Heureusement, le protagoniste de la pièce - le Roi Lear- se distingue aisément de ses autres pairs. de même, on cerne à peu près ses trois filles : Goneril, Régane et Cordélia. On comprend que les deux premières sont de perfides hypocrites assoiffées par la promesse d'un héritage qui ne saurait tarder tandis que la dernière est un tendre agneau, aimant son père d'un amour sans borne et sans conditions. On commence à perdre pied lorsque, tentant encore de démêler l'hypocrisie du véritable amour filial, des gonzes se ramènent sur le devant de la scène pour participer au raffut. Ce sont les ducs d'Albagny et de Cornouailles, époux de l'une ou de l'autre des deux premières soeurs. S'il n'y avait que deux ducs, on s'en sortirait encore, mais c'est sans compter les comtes de Gloucester et de Kent, qu'on essaie d'attribuer encore à d'autres femmes ou de lier de parenté avec Lear sans jamais y arriver. Avec une notice sous les yeux, on comprend que l'un est le père de deux fils : l'un est légitime et se nomme Edgar, l'autre est illégitime et se nomme Edmond. On s'en fiche un peu mais il semblerait que ce soit crucial pour le développement de l'intrigue autour de Lear. Comme si la situation n'était déjà pas assez compliquée, Edgar et Edmond sont rivaux et pour sauver son père de la perfidie d'Edmond, Edgar se déguise et prend le nom de Tom, mendiant de Bedlam. Si Lear est devenu fou, on comprend pourquoi : on le deviendrait pour moins, et c'est encore sans avoir évoqué Oswald, le fou du roi, le roi de France, le duc de Bourgogne et d'autres valets sans nom. Leur vie à tous est drôle et gaie : le matin, en se levant, leur préoccupation principale est de savoir qui et comment abattre leur ennemi. L'ennemi change souvent de tête au fil des saisons.

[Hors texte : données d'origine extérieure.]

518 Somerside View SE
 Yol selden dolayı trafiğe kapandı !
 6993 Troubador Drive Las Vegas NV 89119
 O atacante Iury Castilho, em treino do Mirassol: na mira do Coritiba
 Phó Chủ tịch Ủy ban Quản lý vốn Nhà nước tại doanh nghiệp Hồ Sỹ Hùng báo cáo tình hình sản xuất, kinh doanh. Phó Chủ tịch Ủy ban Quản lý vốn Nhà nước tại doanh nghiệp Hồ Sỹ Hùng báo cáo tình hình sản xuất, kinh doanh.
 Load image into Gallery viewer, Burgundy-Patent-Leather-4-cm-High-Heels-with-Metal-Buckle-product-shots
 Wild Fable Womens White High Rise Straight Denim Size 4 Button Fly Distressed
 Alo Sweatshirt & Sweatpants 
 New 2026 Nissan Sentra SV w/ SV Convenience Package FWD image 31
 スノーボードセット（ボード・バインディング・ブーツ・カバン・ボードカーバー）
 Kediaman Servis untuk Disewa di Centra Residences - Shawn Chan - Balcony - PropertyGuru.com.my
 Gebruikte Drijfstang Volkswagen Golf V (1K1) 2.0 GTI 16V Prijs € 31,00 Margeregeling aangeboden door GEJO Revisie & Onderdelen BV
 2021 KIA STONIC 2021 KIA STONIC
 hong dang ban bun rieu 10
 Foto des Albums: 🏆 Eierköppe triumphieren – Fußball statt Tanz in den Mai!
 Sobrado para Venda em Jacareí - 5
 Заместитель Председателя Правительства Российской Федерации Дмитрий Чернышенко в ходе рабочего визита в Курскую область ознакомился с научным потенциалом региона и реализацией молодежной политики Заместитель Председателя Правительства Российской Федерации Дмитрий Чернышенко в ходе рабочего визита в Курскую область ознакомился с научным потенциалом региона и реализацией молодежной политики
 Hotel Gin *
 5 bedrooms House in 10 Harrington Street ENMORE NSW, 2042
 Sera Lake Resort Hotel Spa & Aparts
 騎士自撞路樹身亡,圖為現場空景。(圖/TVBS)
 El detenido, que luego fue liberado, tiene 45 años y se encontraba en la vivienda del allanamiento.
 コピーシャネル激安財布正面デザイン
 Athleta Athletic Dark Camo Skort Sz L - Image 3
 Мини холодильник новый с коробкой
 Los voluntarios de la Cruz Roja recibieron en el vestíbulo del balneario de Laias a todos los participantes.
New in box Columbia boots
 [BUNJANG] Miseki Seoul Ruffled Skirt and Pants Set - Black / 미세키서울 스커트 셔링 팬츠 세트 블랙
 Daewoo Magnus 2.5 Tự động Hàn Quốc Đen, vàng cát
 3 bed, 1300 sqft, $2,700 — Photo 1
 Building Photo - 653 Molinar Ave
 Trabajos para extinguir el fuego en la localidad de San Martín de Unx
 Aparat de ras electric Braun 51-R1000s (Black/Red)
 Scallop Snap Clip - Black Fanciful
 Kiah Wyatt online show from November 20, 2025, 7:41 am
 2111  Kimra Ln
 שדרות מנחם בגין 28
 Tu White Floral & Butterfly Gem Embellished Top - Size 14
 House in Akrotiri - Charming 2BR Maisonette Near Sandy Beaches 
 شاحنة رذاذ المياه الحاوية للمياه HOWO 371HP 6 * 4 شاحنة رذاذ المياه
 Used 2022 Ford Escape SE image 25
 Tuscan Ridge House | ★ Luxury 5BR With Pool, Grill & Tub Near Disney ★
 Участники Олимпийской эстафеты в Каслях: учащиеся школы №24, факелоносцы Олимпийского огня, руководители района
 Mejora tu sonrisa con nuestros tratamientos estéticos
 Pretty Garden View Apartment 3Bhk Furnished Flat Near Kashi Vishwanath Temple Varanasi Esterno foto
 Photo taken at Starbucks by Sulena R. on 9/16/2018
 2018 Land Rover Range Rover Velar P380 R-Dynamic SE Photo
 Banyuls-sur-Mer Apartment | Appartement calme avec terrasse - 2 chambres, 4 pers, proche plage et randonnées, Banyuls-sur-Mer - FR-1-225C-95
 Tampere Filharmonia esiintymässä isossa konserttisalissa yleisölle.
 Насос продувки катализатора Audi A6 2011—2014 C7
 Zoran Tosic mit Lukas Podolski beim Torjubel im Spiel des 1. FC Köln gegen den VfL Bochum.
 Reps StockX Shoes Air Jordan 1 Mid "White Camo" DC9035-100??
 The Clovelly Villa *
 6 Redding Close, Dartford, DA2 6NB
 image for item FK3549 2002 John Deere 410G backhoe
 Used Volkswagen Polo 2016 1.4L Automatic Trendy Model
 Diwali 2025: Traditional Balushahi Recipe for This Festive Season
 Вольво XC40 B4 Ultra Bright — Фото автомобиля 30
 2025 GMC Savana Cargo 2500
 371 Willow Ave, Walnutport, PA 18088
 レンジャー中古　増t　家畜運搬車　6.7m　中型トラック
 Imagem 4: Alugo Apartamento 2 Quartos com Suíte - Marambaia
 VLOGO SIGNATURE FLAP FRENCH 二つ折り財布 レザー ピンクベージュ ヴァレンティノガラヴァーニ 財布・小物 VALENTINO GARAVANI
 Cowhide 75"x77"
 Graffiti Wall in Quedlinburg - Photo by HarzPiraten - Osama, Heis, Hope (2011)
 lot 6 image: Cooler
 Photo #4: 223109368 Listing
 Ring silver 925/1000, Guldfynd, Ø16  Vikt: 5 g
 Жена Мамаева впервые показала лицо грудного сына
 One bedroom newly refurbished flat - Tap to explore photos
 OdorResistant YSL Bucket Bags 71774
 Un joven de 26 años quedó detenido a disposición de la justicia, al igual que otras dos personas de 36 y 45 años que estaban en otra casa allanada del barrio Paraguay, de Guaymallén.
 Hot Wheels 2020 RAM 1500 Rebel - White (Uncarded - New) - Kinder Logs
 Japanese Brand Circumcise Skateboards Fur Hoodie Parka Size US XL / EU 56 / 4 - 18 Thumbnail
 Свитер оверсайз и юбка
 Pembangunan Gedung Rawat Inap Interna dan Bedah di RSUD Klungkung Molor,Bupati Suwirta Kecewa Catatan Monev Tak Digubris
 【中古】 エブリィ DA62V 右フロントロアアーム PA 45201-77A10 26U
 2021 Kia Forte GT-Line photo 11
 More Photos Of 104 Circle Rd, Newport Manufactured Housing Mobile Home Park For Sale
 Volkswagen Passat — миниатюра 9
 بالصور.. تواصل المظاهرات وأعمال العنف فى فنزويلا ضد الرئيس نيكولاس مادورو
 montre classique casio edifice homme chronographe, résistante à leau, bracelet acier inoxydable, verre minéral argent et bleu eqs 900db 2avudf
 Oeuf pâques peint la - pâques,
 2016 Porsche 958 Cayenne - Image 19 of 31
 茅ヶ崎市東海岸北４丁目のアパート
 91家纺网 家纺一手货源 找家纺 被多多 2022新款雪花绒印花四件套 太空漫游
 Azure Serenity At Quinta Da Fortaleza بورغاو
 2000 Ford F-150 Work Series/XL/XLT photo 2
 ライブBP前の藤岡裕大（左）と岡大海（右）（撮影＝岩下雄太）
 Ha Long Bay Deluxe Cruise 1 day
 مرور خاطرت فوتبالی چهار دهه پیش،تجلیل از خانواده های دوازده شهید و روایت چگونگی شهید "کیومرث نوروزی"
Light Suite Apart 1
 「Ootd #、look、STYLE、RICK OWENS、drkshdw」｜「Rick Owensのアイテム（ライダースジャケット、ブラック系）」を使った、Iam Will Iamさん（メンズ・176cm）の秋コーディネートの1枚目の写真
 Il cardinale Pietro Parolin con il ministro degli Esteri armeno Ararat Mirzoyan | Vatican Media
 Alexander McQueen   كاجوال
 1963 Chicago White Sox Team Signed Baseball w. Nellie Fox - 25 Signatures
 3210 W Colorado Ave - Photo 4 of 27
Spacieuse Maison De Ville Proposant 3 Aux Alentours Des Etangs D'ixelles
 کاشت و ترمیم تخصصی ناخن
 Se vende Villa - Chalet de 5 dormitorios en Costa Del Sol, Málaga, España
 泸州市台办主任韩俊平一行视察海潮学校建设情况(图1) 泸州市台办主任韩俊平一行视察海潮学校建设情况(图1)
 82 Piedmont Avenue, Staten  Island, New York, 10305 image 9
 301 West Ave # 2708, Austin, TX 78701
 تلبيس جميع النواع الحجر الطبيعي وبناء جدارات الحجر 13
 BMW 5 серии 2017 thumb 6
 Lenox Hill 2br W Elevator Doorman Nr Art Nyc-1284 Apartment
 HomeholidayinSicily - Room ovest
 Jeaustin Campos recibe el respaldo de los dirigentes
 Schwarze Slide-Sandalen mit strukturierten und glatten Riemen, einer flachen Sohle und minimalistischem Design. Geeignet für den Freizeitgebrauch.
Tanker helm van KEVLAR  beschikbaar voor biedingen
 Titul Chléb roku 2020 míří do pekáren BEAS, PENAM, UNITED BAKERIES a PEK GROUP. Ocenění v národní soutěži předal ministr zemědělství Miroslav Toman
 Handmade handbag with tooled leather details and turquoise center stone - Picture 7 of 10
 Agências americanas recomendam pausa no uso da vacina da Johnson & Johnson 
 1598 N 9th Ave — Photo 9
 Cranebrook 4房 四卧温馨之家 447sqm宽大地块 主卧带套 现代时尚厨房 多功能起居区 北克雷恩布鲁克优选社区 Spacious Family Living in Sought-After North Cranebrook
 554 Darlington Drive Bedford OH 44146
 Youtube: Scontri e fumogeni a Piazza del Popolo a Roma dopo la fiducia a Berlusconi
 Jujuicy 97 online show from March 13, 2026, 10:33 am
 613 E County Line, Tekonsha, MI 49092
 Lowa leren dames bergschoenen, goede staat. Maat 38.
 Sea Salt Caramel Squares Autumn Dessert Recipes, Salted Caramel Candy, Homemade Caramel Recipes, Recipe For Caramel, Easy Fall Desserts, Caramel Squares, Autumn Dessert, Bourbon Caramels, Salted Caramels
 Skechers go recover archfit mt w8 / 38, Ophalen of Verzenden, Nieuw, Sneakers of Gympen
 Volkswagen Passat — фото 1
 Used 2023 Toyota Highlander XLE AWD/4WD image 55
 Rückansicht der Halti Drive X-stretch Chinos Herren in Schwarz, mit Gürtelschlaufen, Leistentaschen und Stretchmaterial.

On peut être ébloui par l'intrication des quiproquos et querelles liant les personnages du Roi Lear : Shakespeare semble en effet avoir voulu donner de la densité à son propos qui, tout bien résumé, est un pamphlet contre l'hypocrisie et les relations envenimées par les conflits d'intérêts. Comment faire simple lorsqu'on peut faire compliqué ? En bon précurseur de Barbara Cartland, Shakespeare tisse des intrigues dont la vilenie doit susciter une attention de chaque seconde jusqu'au dénouement final qui, bien que tragique, n'est pas si scotchant qu'on veut bien le dire.


Si le Roi Lear n'impressionne donc pas particulièrement par son fond, sa forme accroche davantage en révélant contre son gré des intentionnalités qui donnent enfin une consistance à la pièce. Comme dans Timon d'Athène, Shakespeare donne la parole à des personnages que l'humanité a déçus. Leur colère jusqu'alors contenue trouve le cadre de la scène pour s'exprimer dans des tirades qui côtoient les sommets de l'insolence et du baroque. le Roi Lear et ses problèmes passent au second rang des préoccupations lorsque les plaintes plus sourdes et plus profondes de Kent et d'Edmond se laissent entendre et le Fou, figure grotesque de son entourage, devient le révélateur non seulement de son désespoir mais aussi de la tragédie universelle de l'homme perverti par la société.


En se focalisant sur l'intrigue du Roi Lear, peut-être passe-t-on à côté du vrai Shakespeare, celui qui se lamentait silencieusement et dignement sur une solitude absolue.